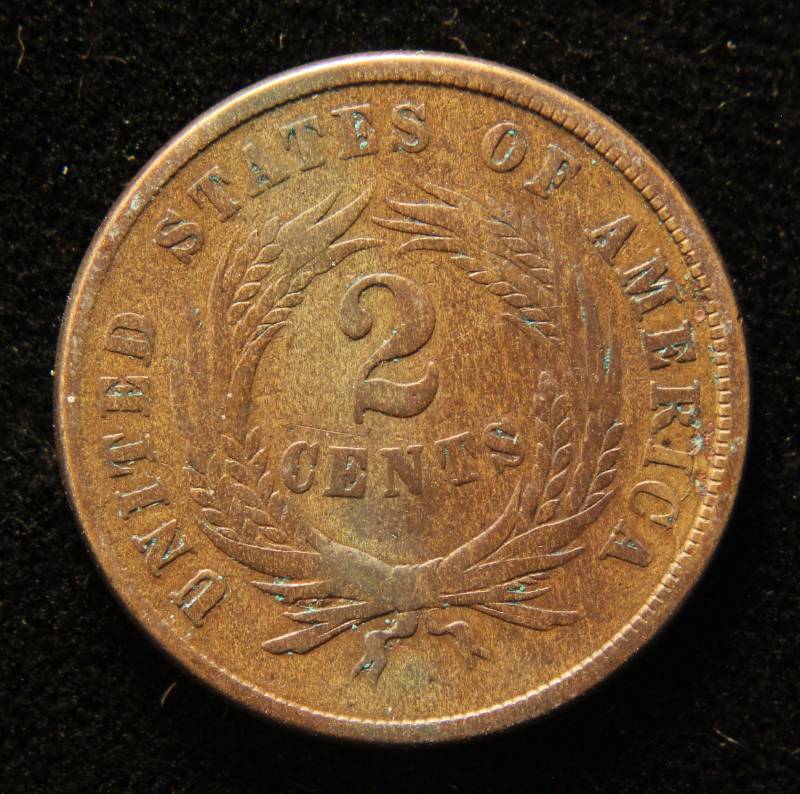 1865 US TWO CENT PIECE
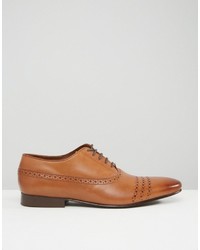 beige Leder Brogues von Asos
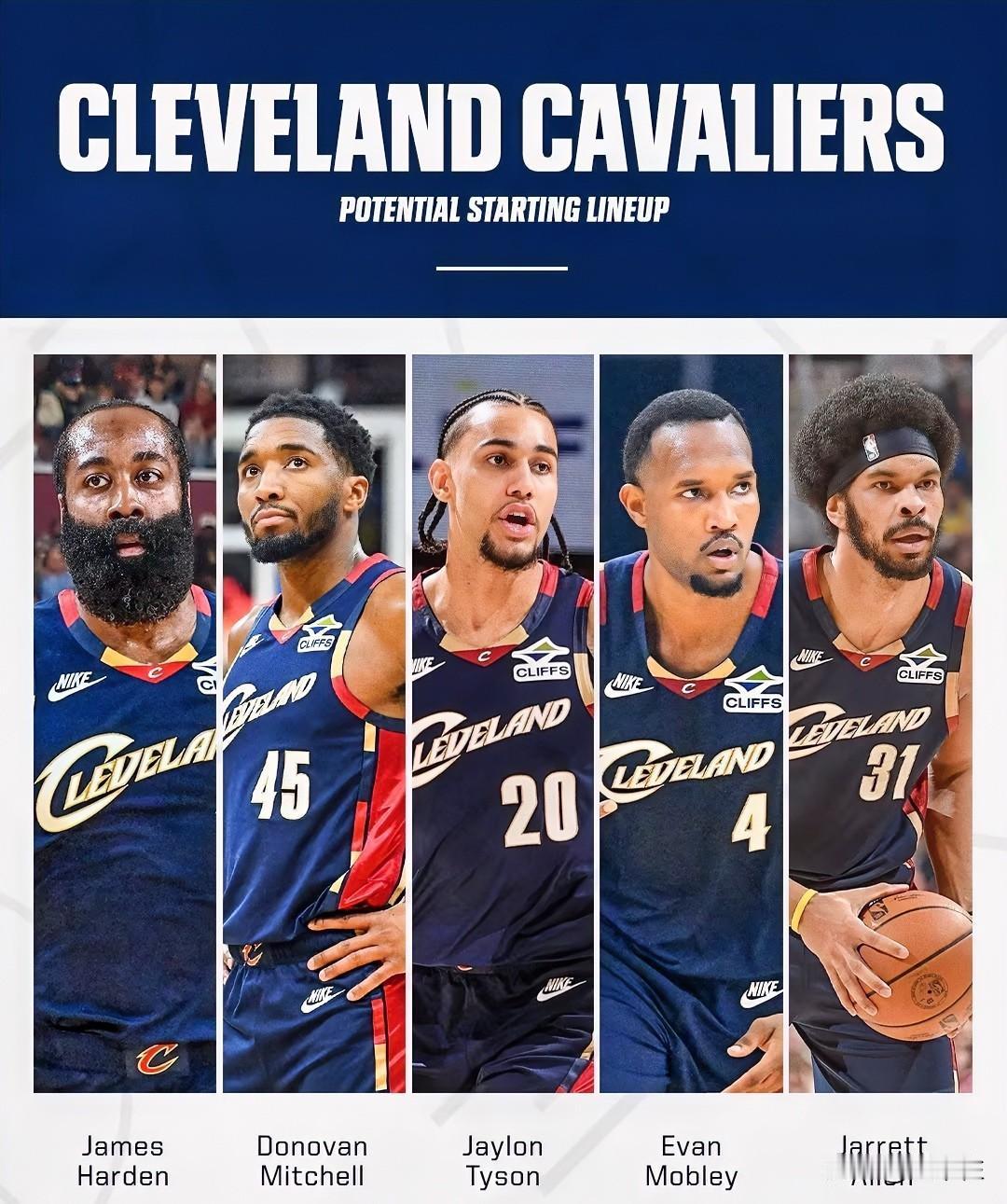 戏言哈登交易！1，骑士又迎来了自己的“詹姆斯”，而且休赛期可能还会有“另一个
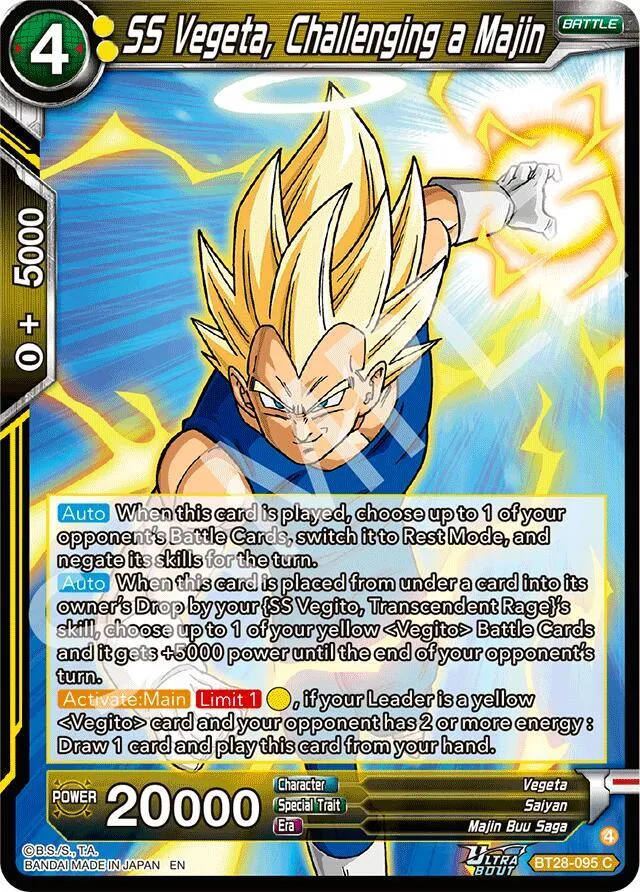 SS Vegeta, Challenging a Majin — Prismatic Clash — Dragon Ball Super: Masters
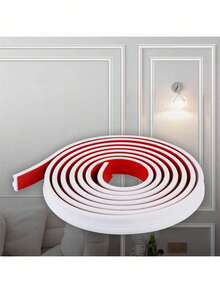 1 Roll Flexible Wall Molding Trim, PVC Decorative Wall Border Moulding, Bendable Wall Line For Interior Home Upgrade, Easily Cuttable Design, Smooth Surface, Decor Strip For Wall Frames, Door Edges, Ceiling Corners And Background Wall Decoration - A - View 9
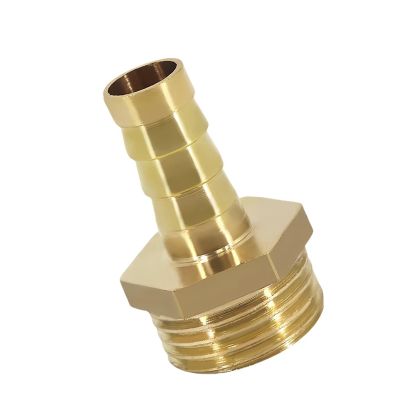 HSMXNEONJB 8 mm OD Hose M16x2 Metric Male-Thread Brass Tube Fitting Coupler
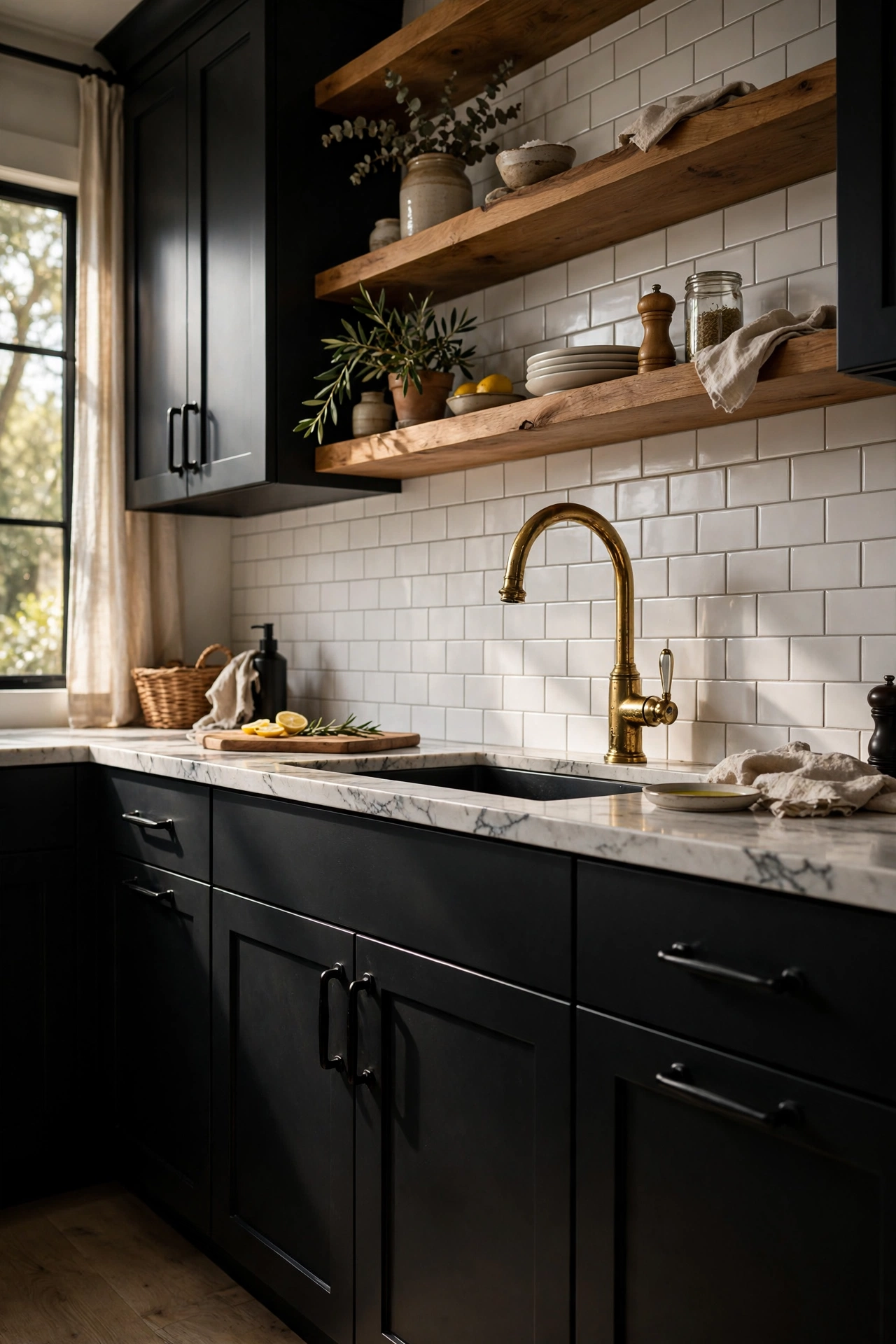 The Timeless Appeal of Brass and Matte Black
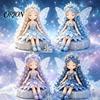 Vintage Garden Fairy Craft Patchwork DIY Kit, Flower Fairies Sewing Make 4 Handmade Ornament Dolls, Beginner-Friendly Project for Home Decor Gift Idea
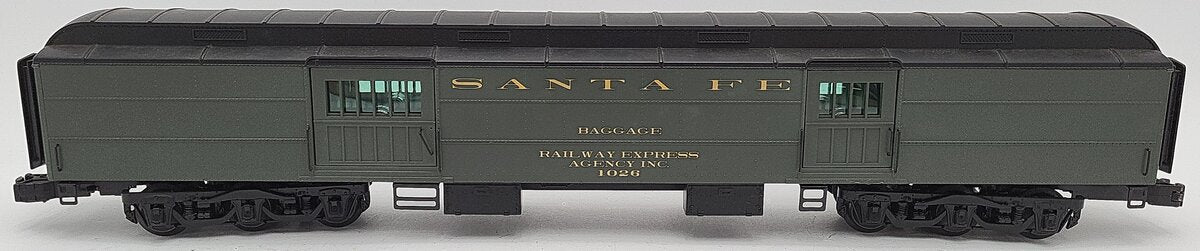 Lionel 6-25542 O Gauge Atchison, Topeka & Santa Fe Heavyweight Baggage Car #1026 EX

------------------------------------

> **ABOUT THIS EXERCISE**
Out of the records above, return only the lines from the one with "1 Roll Flexible" through the one with "The Timeless Appeal of Brass and Matte Black", exactly, and none of the pictures.

> **COMPLETED TASK**
 1 Roll Flexible Wall Molding Trim, PVC Decorative Wall Border Moulding, Bendable Wall Line For Interior Home Upgrade, Easily Cuttable Design, Smooth Surface, Decor Strip For Wall Frames, Door Edges, Ceiling Corners And Background Wall Decoration - A - View 9
 HSMXNEONJB 8 mm OD Hose M16x2 Metric Male-Thread Brass Tube Fitting Coupler
 The Timeless Appeal of Brass and Matte Black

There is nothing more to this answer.